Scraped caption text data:

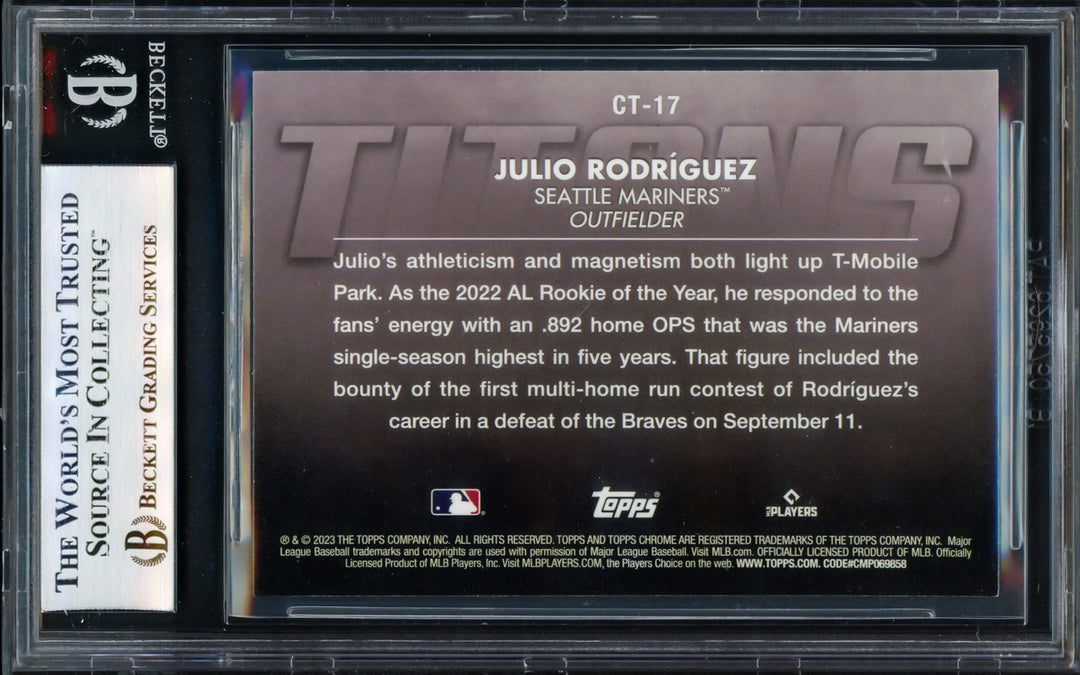 Julio Rodriguez Auto Signed 2023 Topps Chrome Titans Card CT-17 Mariners Beckett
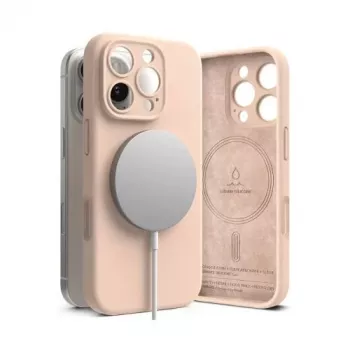 Ringke iPhone 16 Pro-hoes silicone Magnetic pink sand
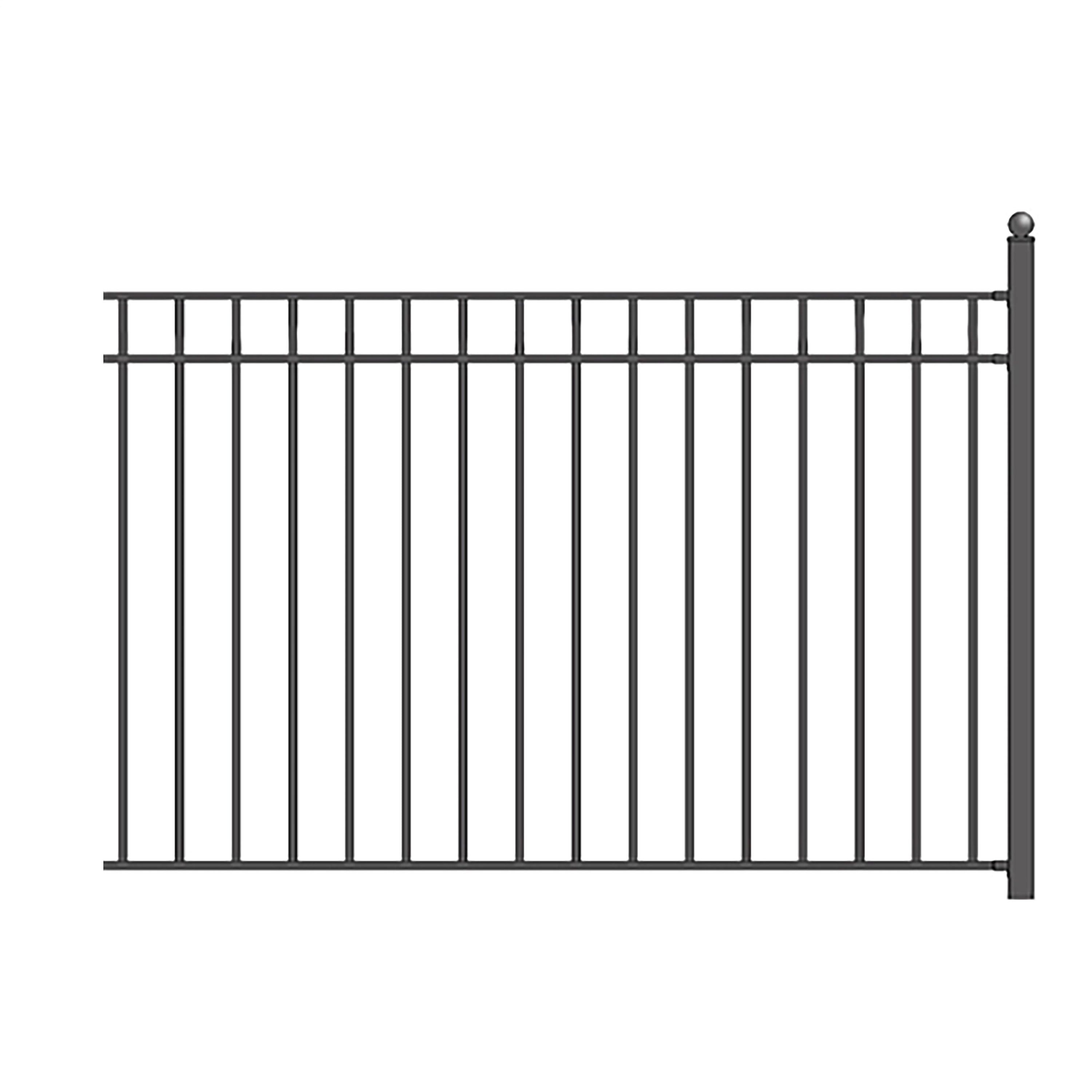 Madrid Style Black Steel 8' x 5' Ornamental Fence Panel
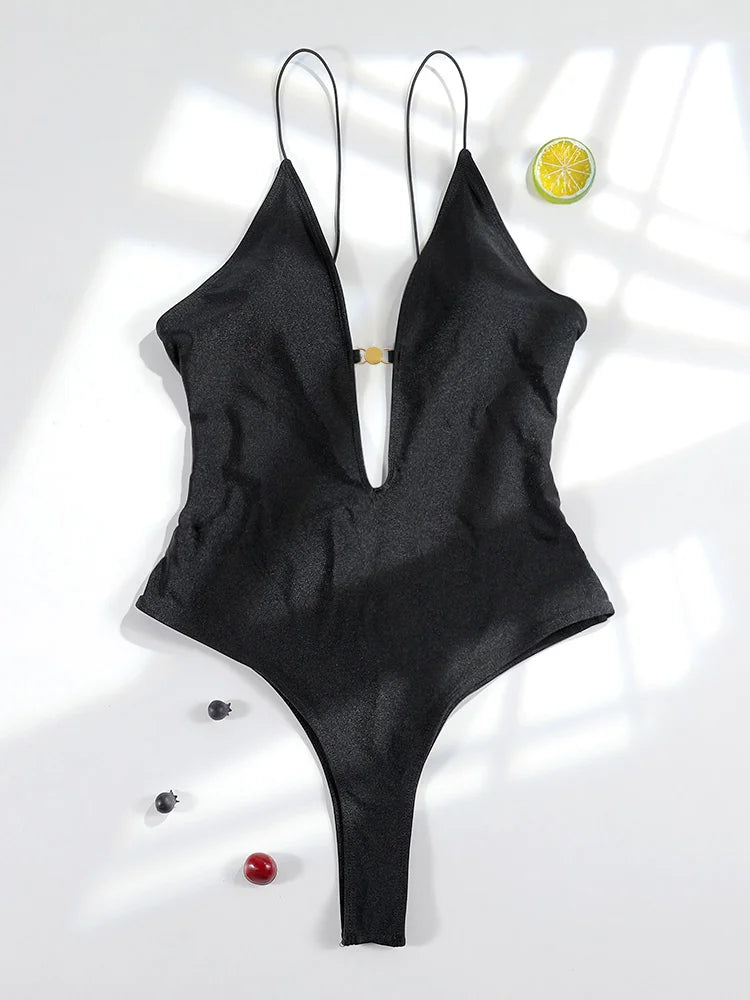 Miyouj Solid Color Swimwear Women's Swimsuit Bandage One Piece Suit High Waist Beachwear High Cut Bathsuit Hollow Out Swimsuits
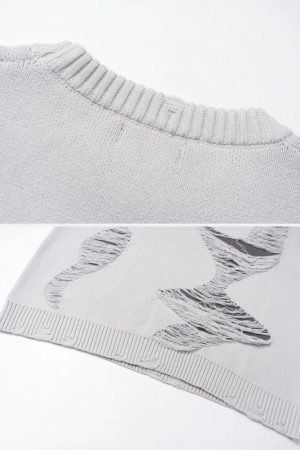 Concert Outfit Ripped Knit Sweater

ASSIGNMENT: Please write out all the entries above exactly, but leave out the pictures.

RESPONSE:
 Julio Rodriguez Auto Signed 2023 Topps Chrome Titans Card CT-17 Mariners Beckett
 Ringke iPhone 16 Pro-hoes silicone Magnetic pink sand
 Madrid Style Black Steel 8' x 5' Ornamental Fence Panel
 Miyouj Solid Color Swimwear Women's Swimsuit Bandage One Piece Suit High Waist Beachwear High Cut Bathsuit Hollow Out Swimsuits
 Concert Outfit Ripped Knit Sweater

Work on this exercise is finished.